» Prompt
Leave out the images and return all the data word for word.

» Given material
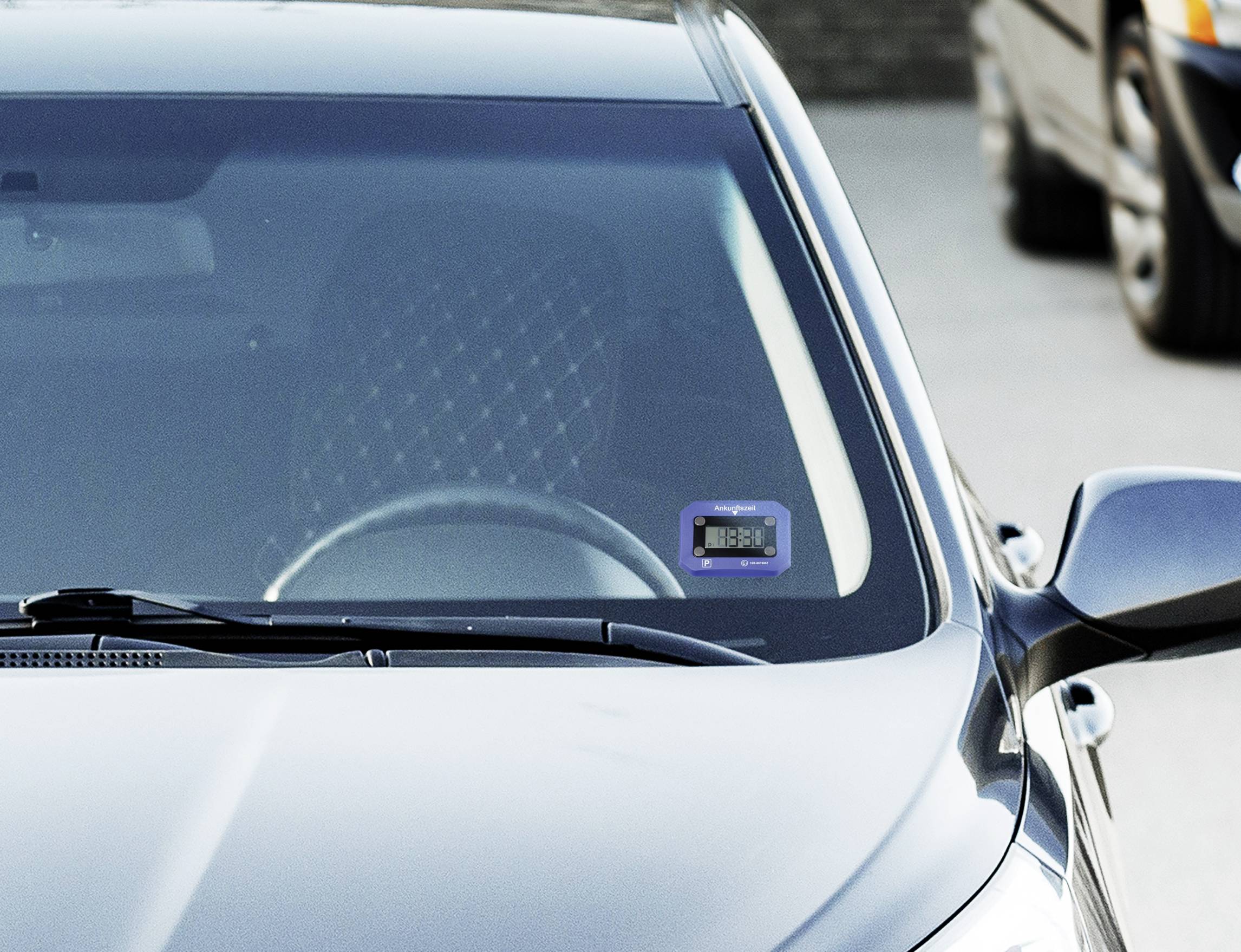 Auto s modrou mýtní kartou připevněnou na čelním skle; popředí zvýrazňuje kartu, která je dobře viditelná zvenku.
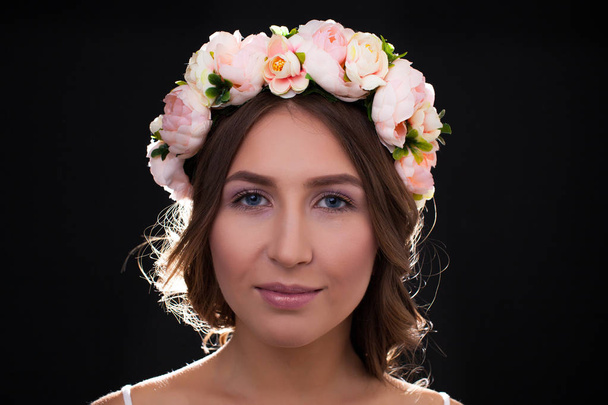 Beautiful girl with flowers on her head on a black background - 写真・画像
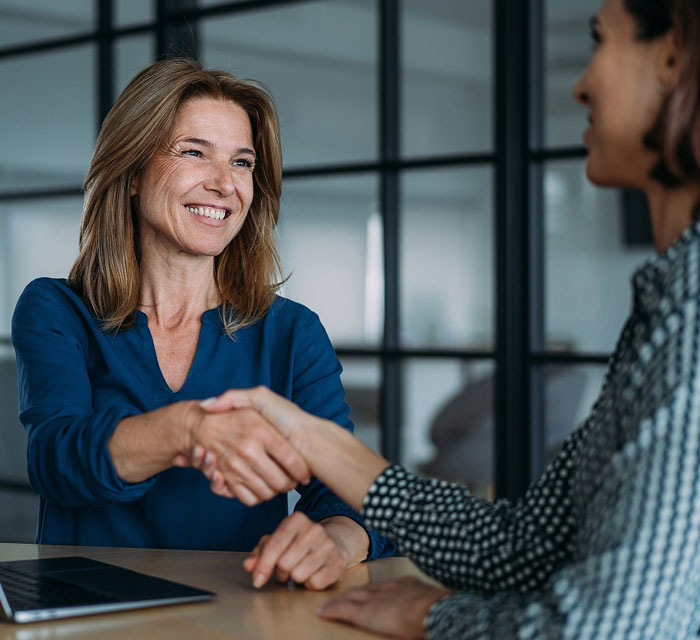 two women shaking hands at a table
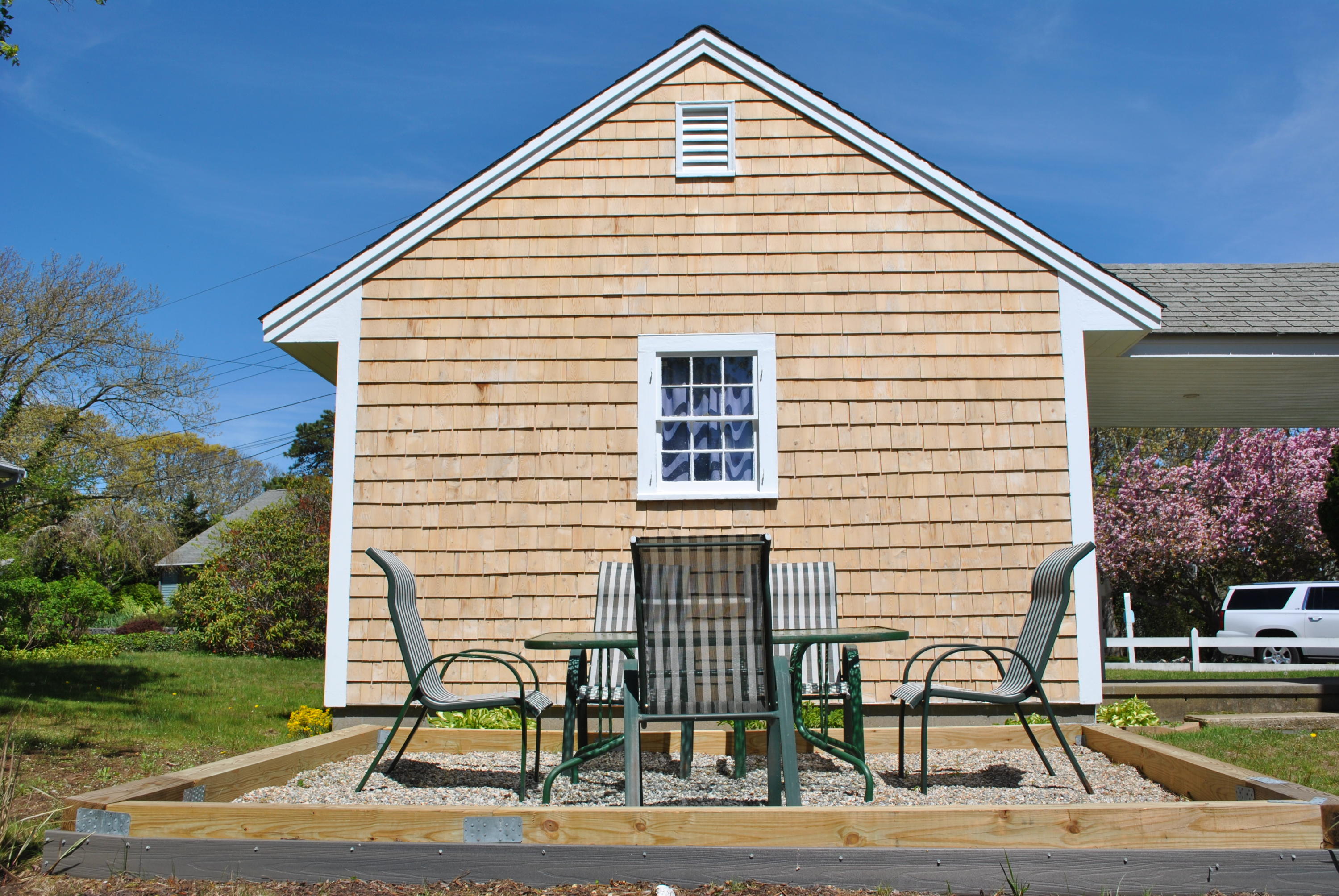 83 Lake Drive Centerville, MA 02632 - Photo 24 of 35 a view of backyard with seating space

» Response
 Auto s modrou mýtní kartou připevněnou na čelním skle; popředí zvýrazňuje kartu, která je dobře viditelná zvenku.
 Beautiful girl with flowers on her head on a black background - 写真・画像
 two women shaking hands at a table
 83 Lake Drive Centerville, MA 02632 - Photo 24 of 35 a view of backyard with seating space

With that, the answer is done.